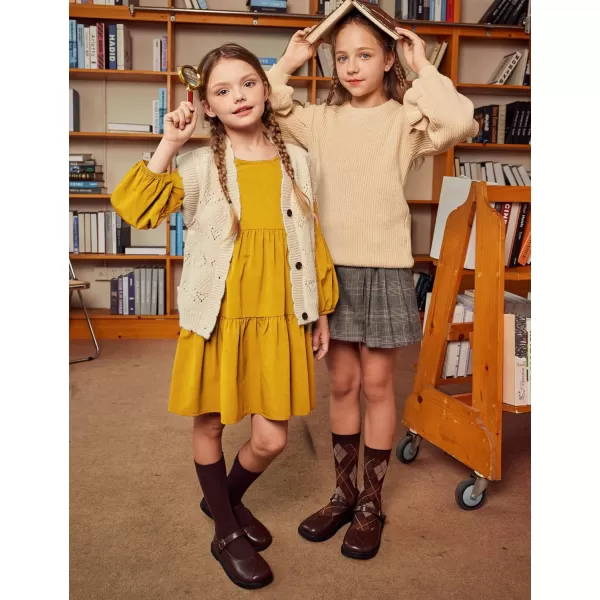 Arshiner Girls Dress Long Sleeve A Line Loose Swing Ruffle Tunic Dresses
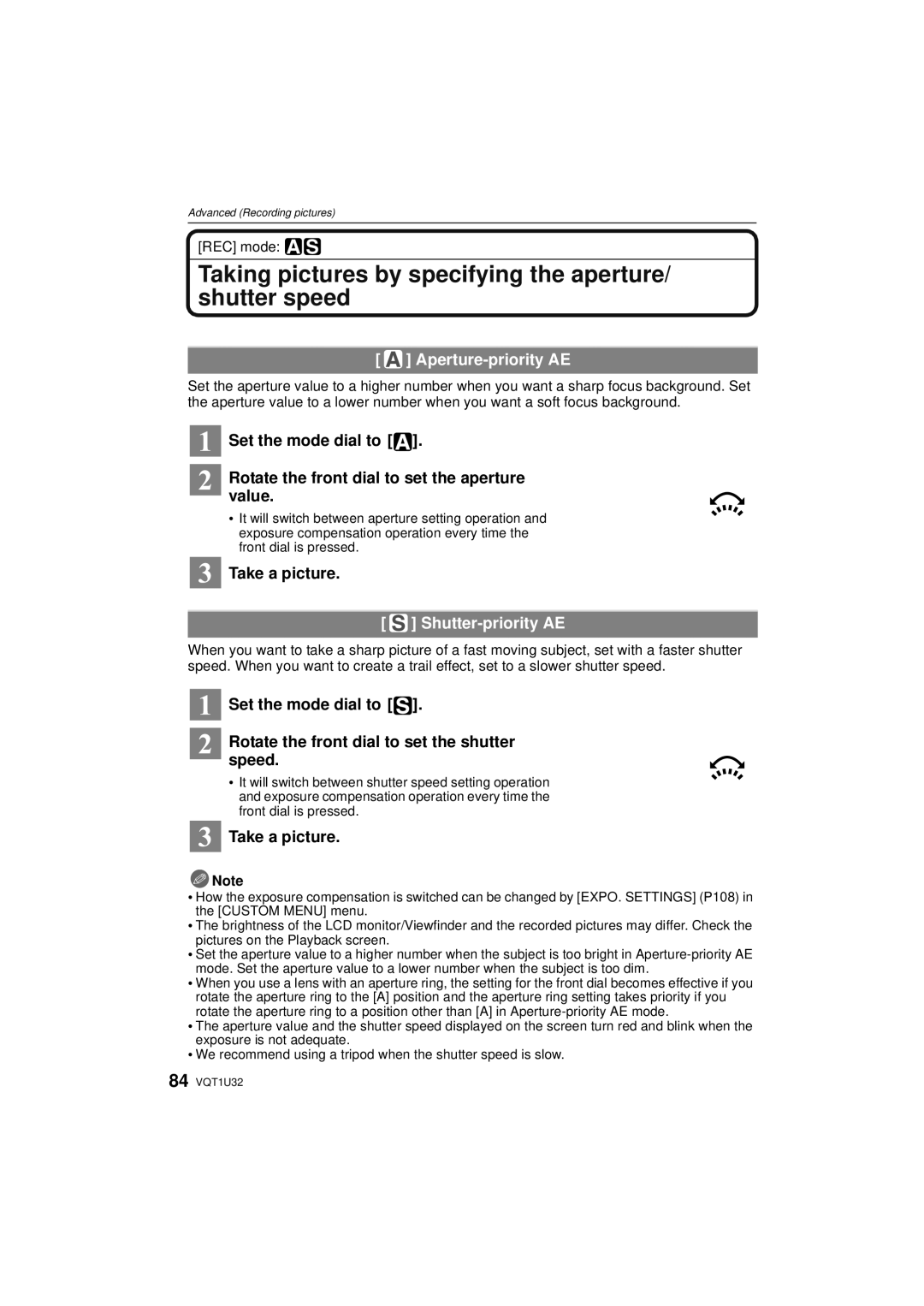 Panasonic DMC-G1K Taking pictures by specifying the aperture/ shutter speed, Aperture-priority AE, Shutter-priority AE 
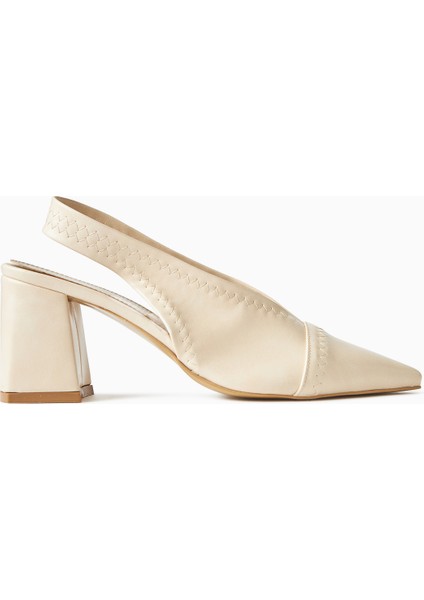 Essie Ekru Sivri Burunlu Elastik Dikiş Detaylı Kalın Topuklu Kadın Ayakkabı fırsatları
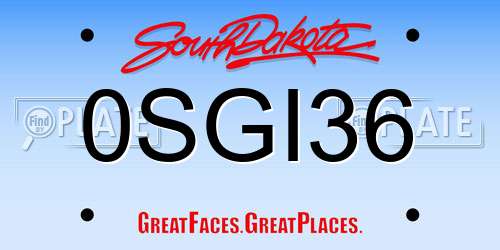 0SGI36 South Dakota License Plate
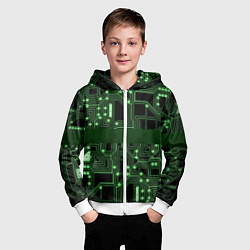 Толстовка на молнии детская Неоновая схема, цвет: 3D-белый — фото 2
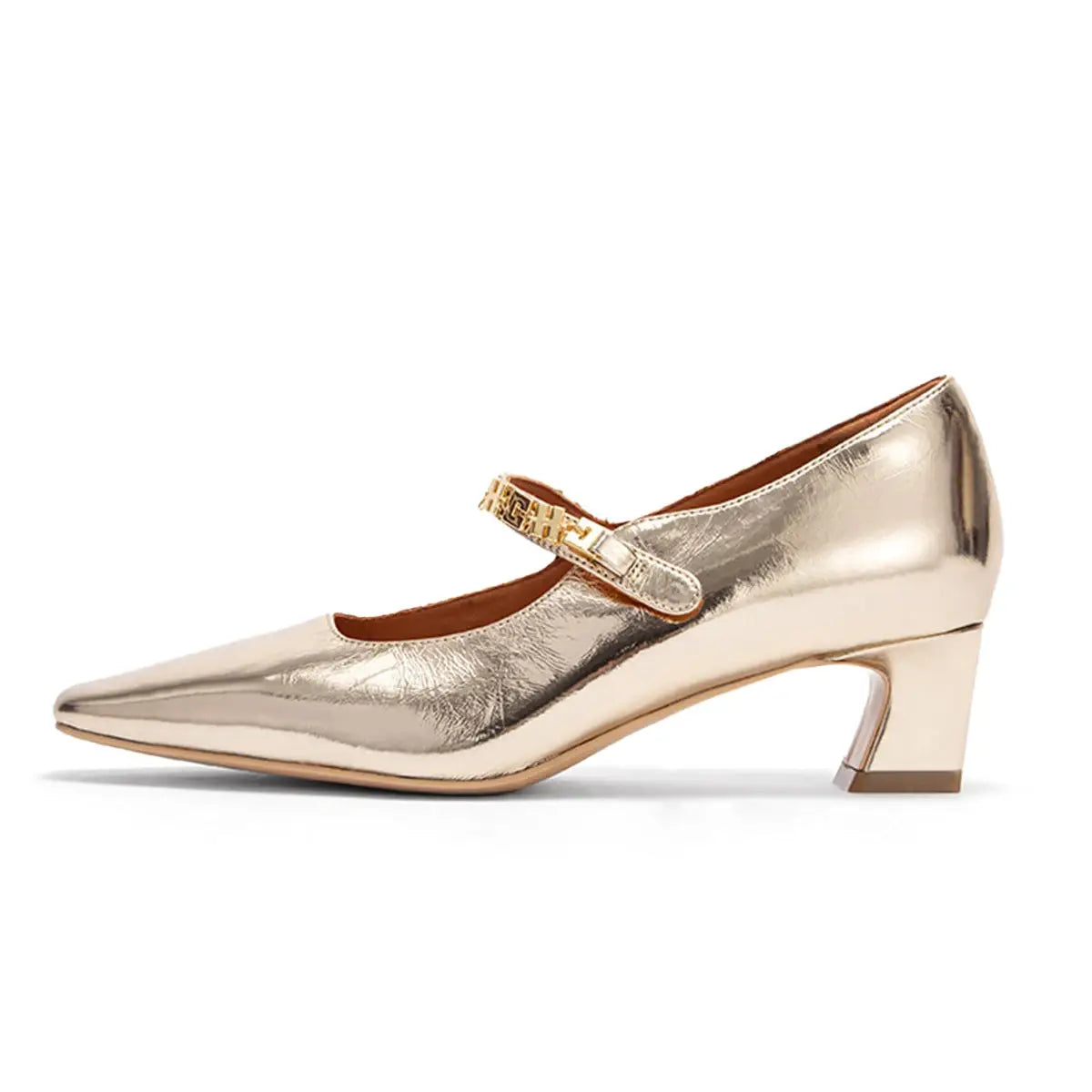 Argento - Women's Elegant Leather Mary Jane Pumps with Chain Detail - Ashour Shoes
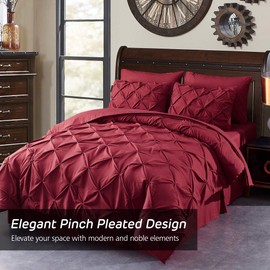 HAOK King Comforter Set - 8 Pieces Pinch Pleat Bedding Comforter Sets, Luxury Solid Color Pintuck Microfiber 500GSM Down Alternative Queen Comforter Set Bed in Bag (King,Burgundy)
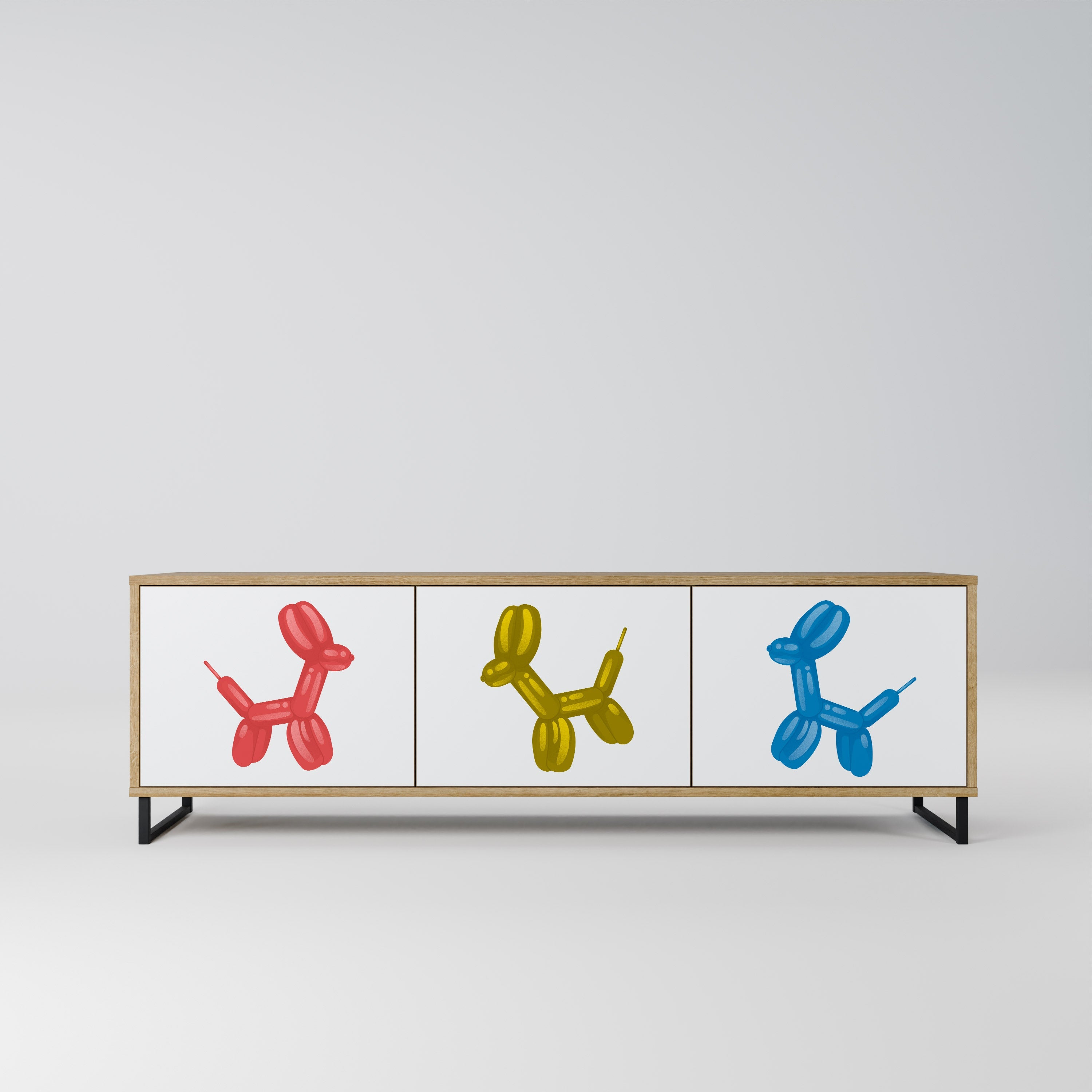 CHILDHOOD MEMORY TV-Lowboard mit 3 Türen in Eiche-Optik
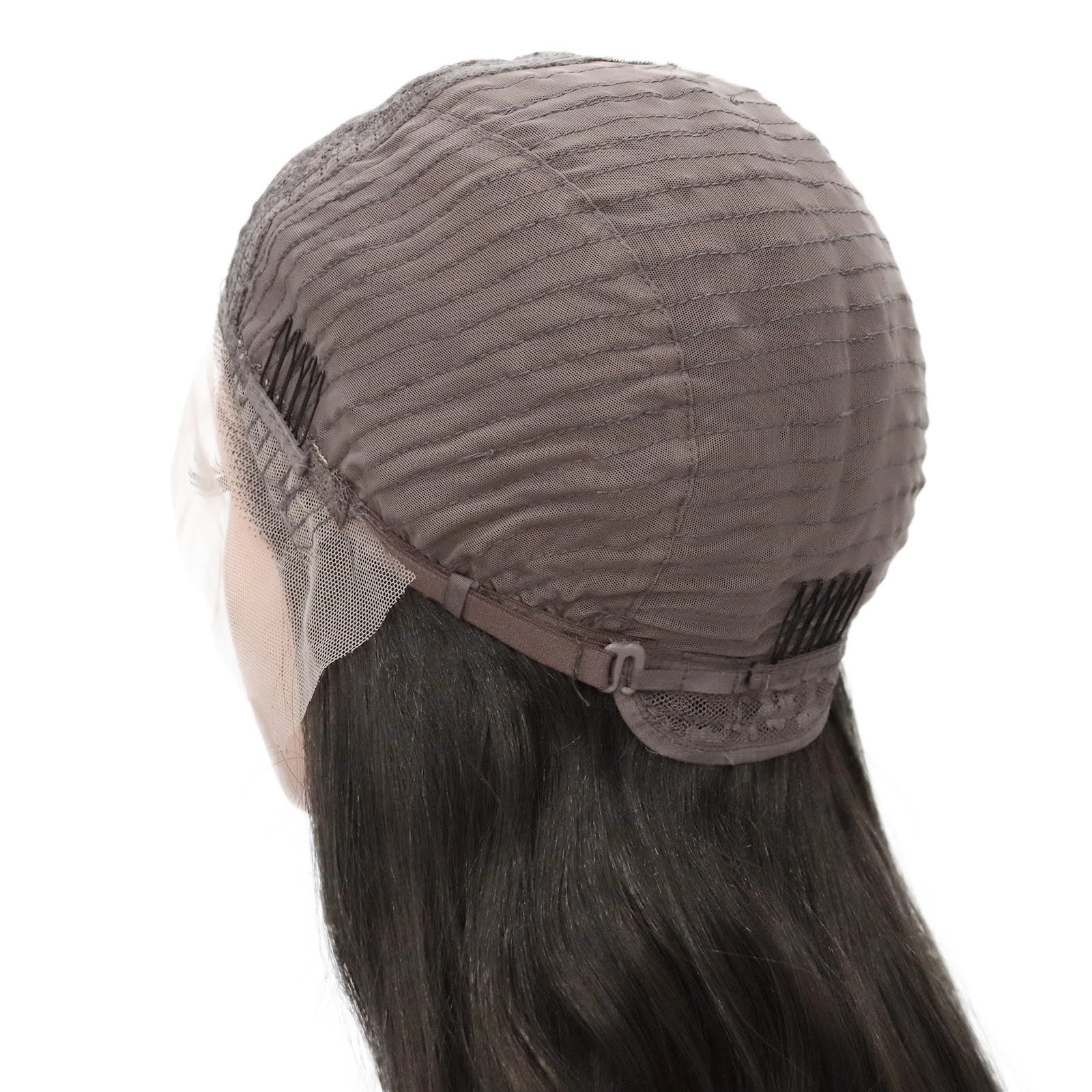 Streaked Middle Part Bangs Lace Front Wig. Amal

• To do: The answer should contain only the lines from the beginning of the material above through the line with "Argento - Women's", retyped exactly, with the pictures removed.

• Answer to the problem:
 Arshiner Girls Dress Long Sleeve A Line Loose Swing Ruffle Tunic Dresses
 Panasonic DMC-G1K Taking pictures by specifying the aperture/ shutter speed, Aperture-priority AE, Shutter-priority AE 
 Essie Ekru Sivri Burunlu Elastik Dikiş Detaylı Kalın Topuklu Kadın Ayakkabı fırsatları
 0SGI36 South Dakota License Plate
 Толстовка на молнии детская Неоновая схема, цвет: 3D-белый — фото 2
 Argento - Women's Elegant Leather Mary Jane Pumps with Chain Detail - Ashour Shoes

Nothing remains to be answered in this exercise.